Then I asked her what she wished to say to me. She hesitated for a few moments. Then she put her hand on my arm with the childlike abandon so peculiarly hers.
“Tell me what I must do,” she said. “The prince he has gone away to see, someone else he should not go to see.”
She asked me such a question! Anger, jealousy! I have been angry often, too often—but jealousy? I have condemned others for that meanest passion in human nature, and now I am punished. I know what it is!
“What do you mean?” I said. “I do not understand.”
“Ah!” (It was a sob rather than a sigh.) “Monsieur, I am sure you do not understand,” she said, once more standing still, but this time confronting me. “You were good to your wife, I know that!”
“I was not good to my wife,” I said, bitterly. “You must not come to me for advice. Ask Lady Forwood, Mrs. Mervyn, anyone, not me!”

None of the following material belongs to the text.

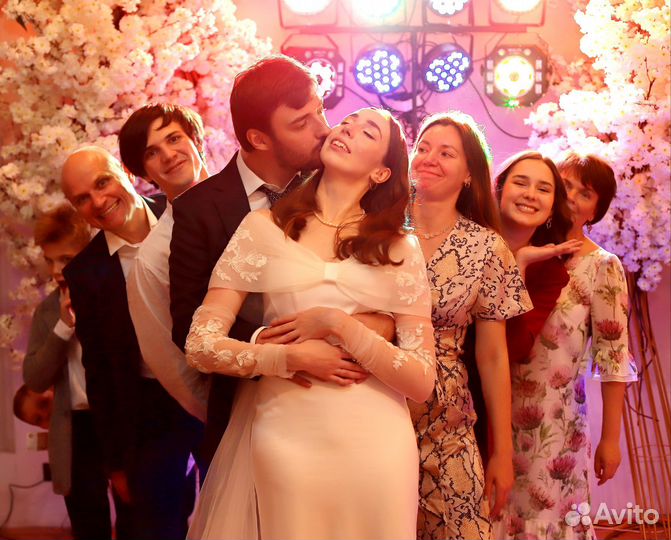 Ведущая (не тамада) и диджей на свадьбу, юбилей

At that moment I forgot my theory, that Mercedes’ soul and Lilia’s are one and the same; this was the wife of the Prince Andriocchi, and I, daring to love her as no man should dare to love another man’s wife, was burning with jealousy, and was false to Lilia’s memory.
“Never tell me you are not good,” she said; “I know better.”
The words were ordinary enough. But at the end of her speech she gave a little satisfied laugh—Lilia’s laugh.
I felt less human—the ghostly, creepy sensation reasserted itself.